WORK REQUEST:
Below you will find a set of lines. Repeat them all exactly.

SUPPLIED MATERIAL:
--------------------------------

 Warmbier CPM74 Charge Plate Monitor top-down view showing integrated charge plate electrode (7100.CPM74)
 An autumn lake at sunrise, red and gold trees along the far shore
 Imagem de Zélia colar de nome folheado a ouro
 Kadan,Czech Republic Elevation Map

--------------------------------

WRITTEN ANSWER:
 Warmbier CPM74 Charge Plate Monitor top-down view showing integrated charge plate electrode (7100.CPM74)
 An autumn lake at sunrise, red and gold trees along the far shore
 Imagem de Zélia colar de nome folheado a ouro
 Kadan,Czech Republic Elevation Map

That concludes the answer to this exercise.